The US Energy Department’s National Nuclear Security Administration announced plans to dispose of the B83-1 thermonuclear bomb at least six years ago

WASHINGTON, October 28. /TASS/. The United States has made a decision to retire its most powerful nuclear bomb and abandon plans of creating a nuclear-armed sea-launched cruise missile, according to the US updated National Defense Strategy released by the Pentagon on Thursday.

"The B83-1 gravity bomb will be retired due to increasing limitations on its capabilities and rising maintenance costs. In the near-term, we will leverage [other] existing capabilities to hold at risk hard and deeply buried targets.

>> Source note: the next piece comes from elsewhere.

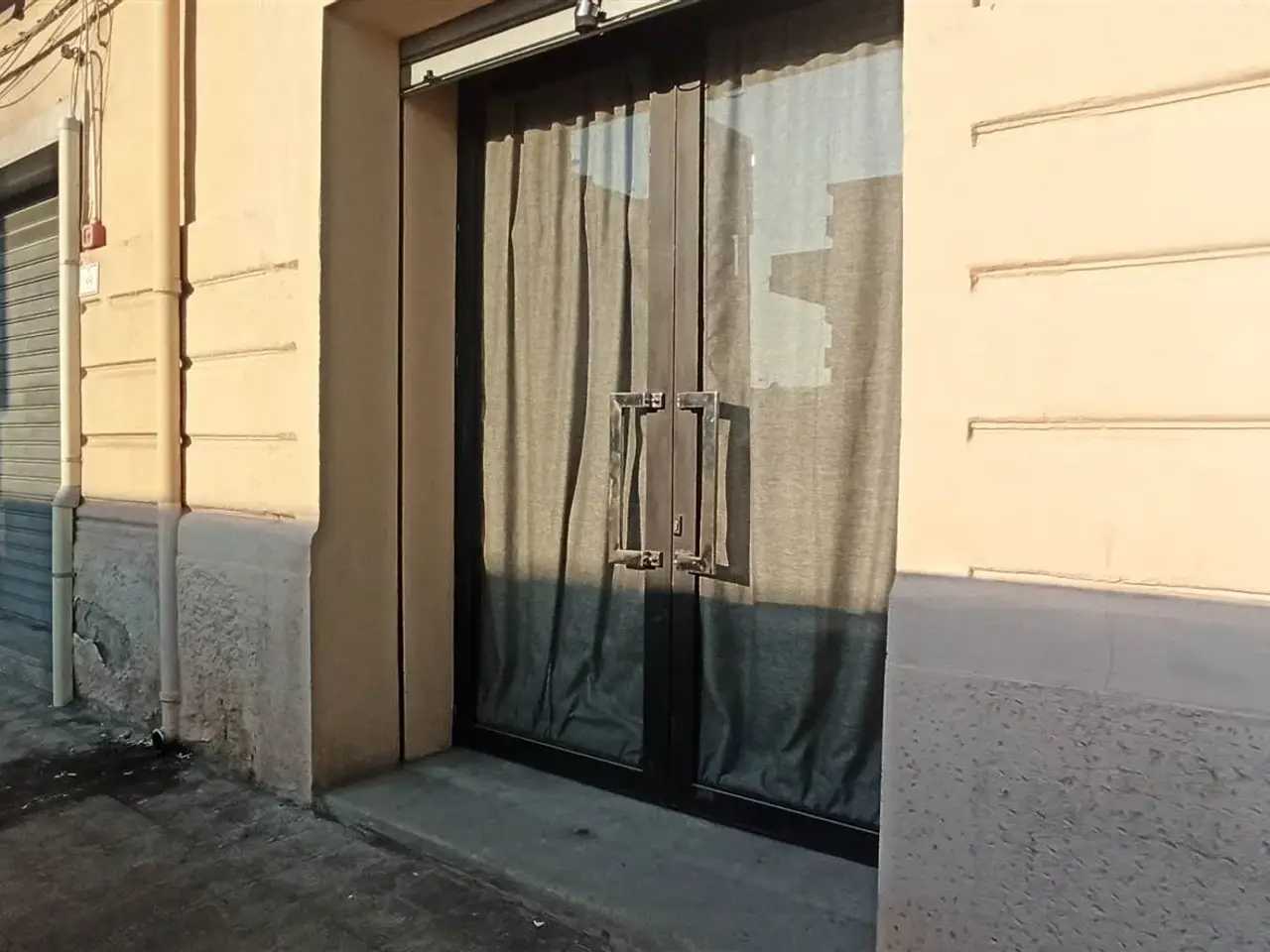 Negozio in Via Sbarre Centrali, Reggio Calabria, {3} - Foto 2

DoD, working with its interagency partners and informed by existing concepts, will develop an enduring capability for improved defeat of such targets," the document reads.

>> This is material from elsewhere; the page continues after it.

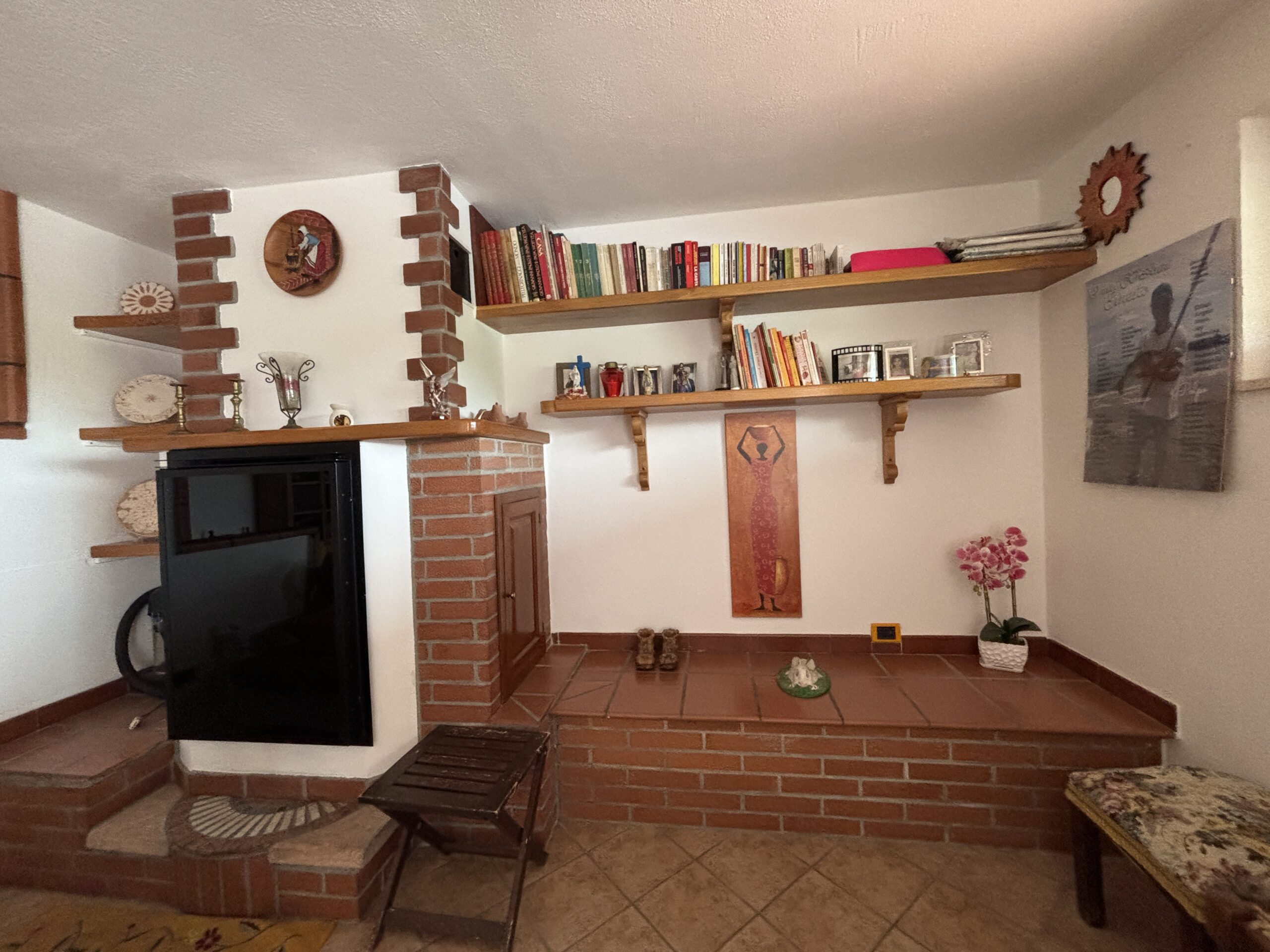 Ampia proprietà, con giardino e arredi di alta qualità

The US Energy Department’s National Nuclear Security Administration announced plans to dispose of the B83-1 thermonuclear bomb at least six years ago. Then-US Secretary of Energy Ernest Moniz said at the time that the plans involved "the last megaton-class weapon in America’s nuclear arsenal." The B83-1 bomb has a maximum yield of 1.2 megatons. For the sake of comparison, the atomic bombs that the US dropped on Hiroshima and Nagasaki had the yields of about 15 and 25 kilotons, respectively.

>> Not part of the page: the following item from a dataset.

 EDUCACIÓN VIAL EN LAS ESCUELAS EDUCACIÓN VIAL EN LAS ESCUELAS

The updated US National Defense Strategy also recognizes the Pentagon’s plans of creating the nuclear-armed Sea-Launched Cruise Missile (SLCM-N) as redundant. As the document highlights, "We concluded SLCM-N was no longer necessary" considering other nuclear armaments available or being developed in the country.

However, it remains to be seen how Congress will react to this decision, especially if the Republican opposition wins the upcoming midterm legislative elections in November. The incumbent US administration led by Democrat Joe Biden already signaled its intention to ditch the B83-1 bomb program.

Meanwhile, some US military commanders, including Chairman of the Joint Chiefs of Staff Mark Milley, earlier made public statements in favor of continuing these plans. On Thursday, US Secretary of Defense Lloyd Austin, when commenting on the plans of ditching the B83-1 bomb, said that the program’s cancellation sent no message to Russia about Washington’s weakness and that Moscow understood what the US nuclear capability was.